*** Begin section ***

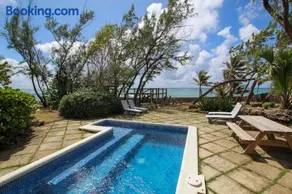 Stunning Views Oceanfront Oasis with Private Pool - Inch by Inch - Image 1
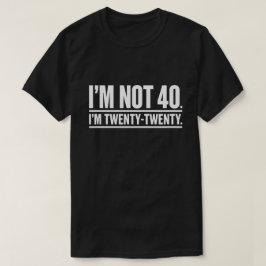 40歳の誕生日おもしろTシャツ 私は40歳ではなく18歳+2回 Tシャツ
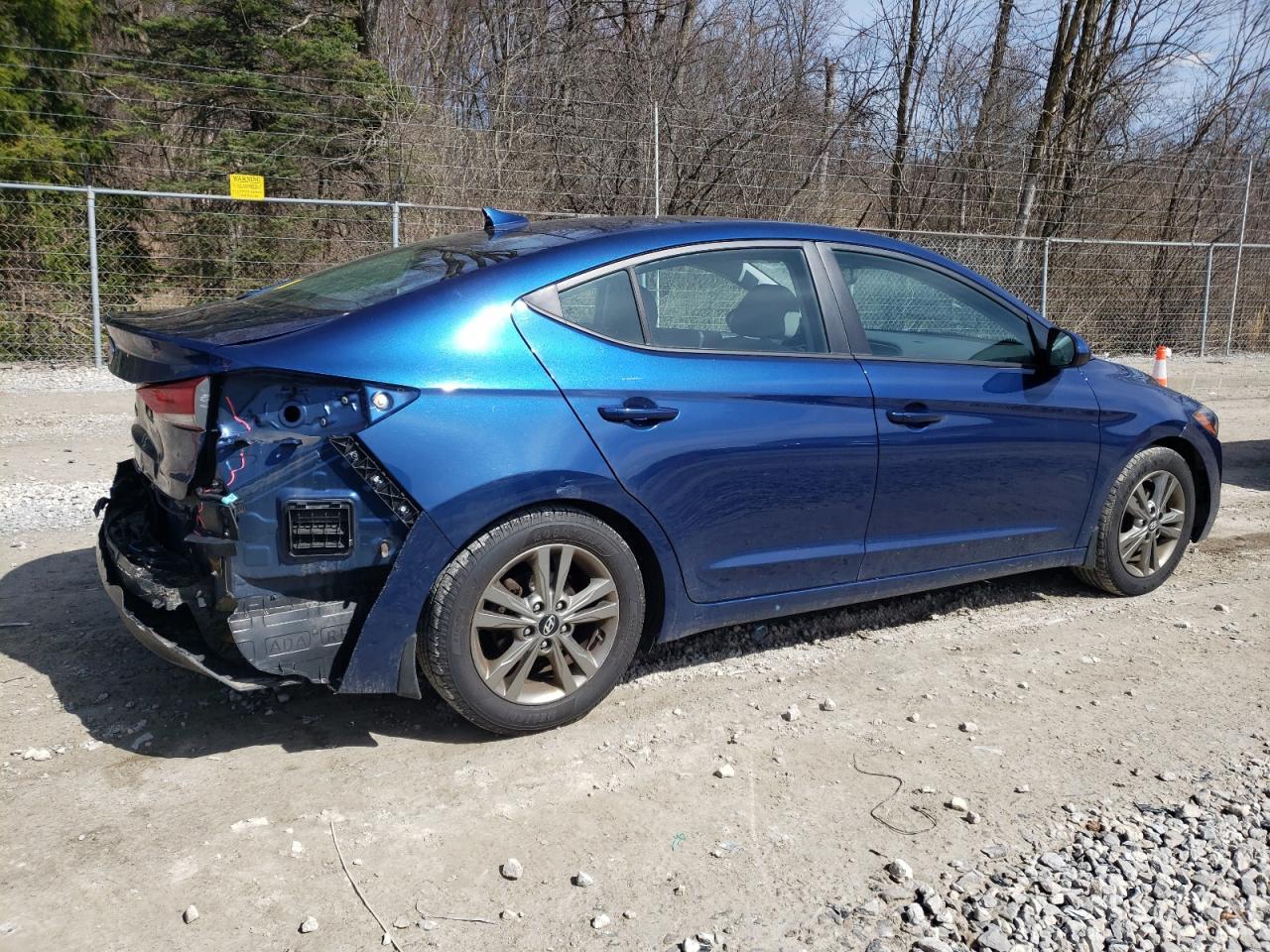 2018 HYUNDAI ELANTRA SE - Фото 3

*** End section ***

WORK ITEM:
Output each of the lines above exactly, apart from the images.

EXERCISE RESULT:
 Stunning Views Oceanfront Oasis with Private Pool - Inch by Inch - Image 1
 40歳の誕生日おもしろTシャツ 私は40歳ではなく18歳+2回 Tシャツ
 2018 HYUNDAI ELANTRA SE - Фото 3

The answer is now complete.